Embora a lei permita formalmente o contingenciamento adicional, técnicos do governo avaliam que a aplicação do dispositivo, sugerido pelo Legislativo, é inviável na prática. O resultado, na avaliação desses interlocutores, seria a paralisação de políticas, de órgãos do governo ou de redução drástica de investimentos -tudo isso a pouco mais de um ano das eleições de 2026.
Apesar dos apelos do governo, o Congresso exerce forte pressão contra o aumento do IOF. Na quinta, o presidente da Câmara dos Deputados, Hugo Motta (Republicanos-PB), criticou o que chamou de “gambiarras tributárias” e alertou que o clima no Parlamento é pela derrubada do decreto.
Motta se reuniu na noite de quarta-feira (28) com Haddad e a ministra Gleisi Hoffmann (Relações Institucionais).

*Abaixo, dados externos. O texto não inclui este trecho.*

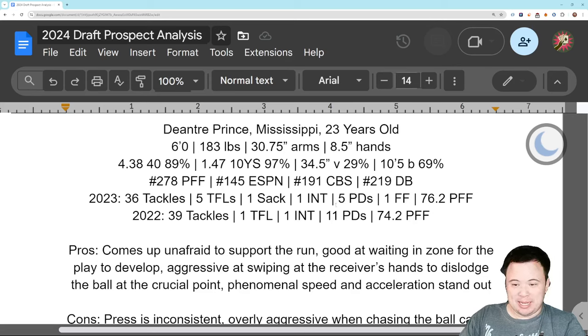A couple of picks, 16 passes defensed, 75 tackles — pretty decent production for Mississippi. He's not afraid to come up and support the run; no questioning his effort there. He's good at waiting in zone for the play to develop, monitoring things, watching the play, and then making a play based on his read. He's good at the catch point — aggressive at swiping at the receiver's hands to dislodge the ball. His speed and acceleration just stand out, and it feels like there's always going to be a place for a guy this fast.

O presidente do Senado, Davi Alcolumbre (União Brasil-AP) e lideranças do Congresso também participaram.
Segundo o presidente da Câmara, ficou combinado com a equipe econômica que ela teria dez dias para apresentar uma alternativa à arrecadação com o imposto.
Na manhã de quarta, Haddad disse que explicou ao comando das duas Casas que a derrubada do decreto deixaria a máquina pública em situação delicada.

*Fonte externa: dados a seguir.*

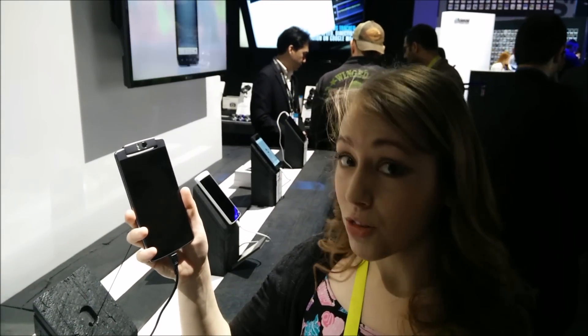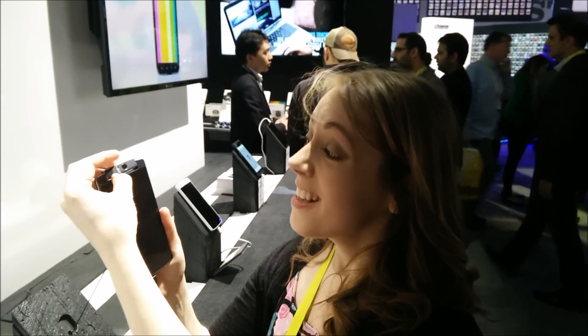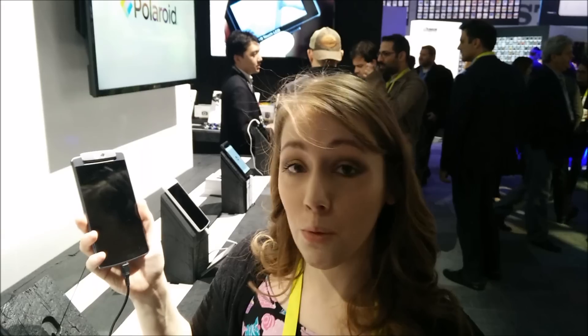It's a 5.5 inch octa-core Android smartphone running Lollipop, which is obviously really good in itself, but the rotating camera is clearly the standout feature. Sadly, at the moment this phone is only going to be available in the US. We haven't got any information on whether it'll be available in the UK or what the pricing might be, but it's a really interesting and innovative feature and we like it quite a lot.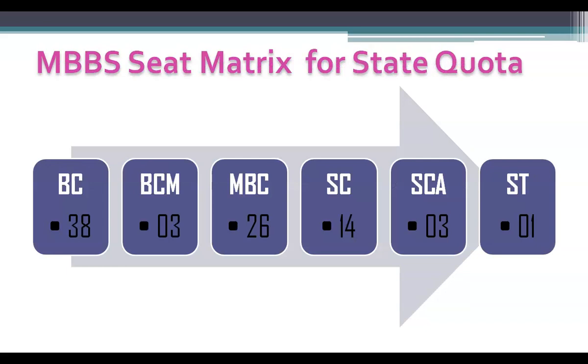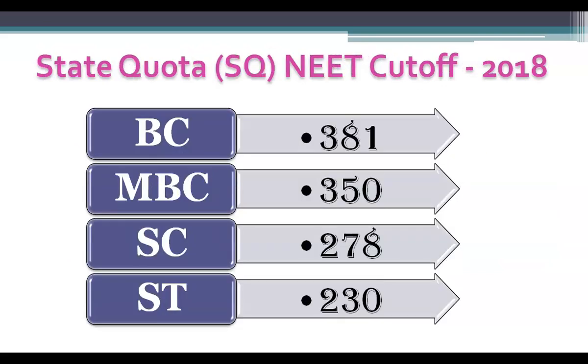The 85% Tamil Nadu state quota seats comes to 85 MBBS seats and these are divided as follows: BC seats — 38 seats, Scheduled Caste seats — 14 seats, and so on. During 2018, the last NEET score for BC category was 381 for admission into Dharmaburi Medical College. You can check this year's cutoff data in the MBBS Counselling app. The NEET cutoff for SC was 278 and for ST was 230.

No dia seguinte, o secretário do Tesouro Nacional, Rogério Ceron, disse que a eventual derrubada do decreto de aumento do IOF seria equivalente a extinguir o programa habitacional Minha Casa, Minha Vida e os investimentos do Ministério da Defesa.
Nesta segunda (2), Haddad afirmou que acertou com Motta e Alcolumbre a tomada de medidas que possibilitem uma calibragem no decreto de elevação do IOF e a retomada de reformas estruturantes.

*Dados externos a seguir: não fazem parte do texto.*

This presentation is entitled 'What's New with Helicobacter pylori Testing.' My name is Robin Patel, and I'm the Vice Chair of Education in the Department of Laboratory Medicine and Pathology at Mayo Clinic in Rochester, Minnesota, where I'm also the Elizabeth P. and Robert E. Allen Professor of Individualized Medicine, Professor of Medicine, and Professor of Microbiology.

Para dar uma dimensão do efeito disso sobre as políticas, o secretário destacou que o programa habitacional tem R$ 12 bilhões reservados para este ano, enquanto a Defesa, incluindo as Forças Armadas, contam com R$ 8 bilhões para investimentos.
“[Derrubar o decreto] significaria o equivalente a extinguir todo o Minha Casa, Minha Vida e todo o investimento do Ministério da Defesa”, disse Ceron.
A comparação não representa uma relação direta entre eventual derrubada do decreto e a suspensão dessas políticas, pois o congelamento de verbas poderia ser distribuído entre mais pastas do Executivo. Segundo o secretário, o objetivo foi “dar a dimensão da importância da discussão”.
Como mostrou a Folha de S.Paulo, o governo quer manter o aumento do IOF pelo menos em 2025 e negociar alternativas à medida apenas para 2026.
Ministros do governo Lula informaram à cúpula do Congresso que não há condições de abrir mão da arrecadação vinda da alta do tributo e que não há tempo para elaborar outras medidas neste ano.
Essa avaliação foi explicitada pelo próprio secretário. “A margem para absorver isso é muito difícil. Então, ela [receita] é imprescindível, a não ser que se tenha uma outra solução que gere o mesmo resultado”, afirmou. “Neste momento, não há alternativa ao IOF e ele é imprescindível.”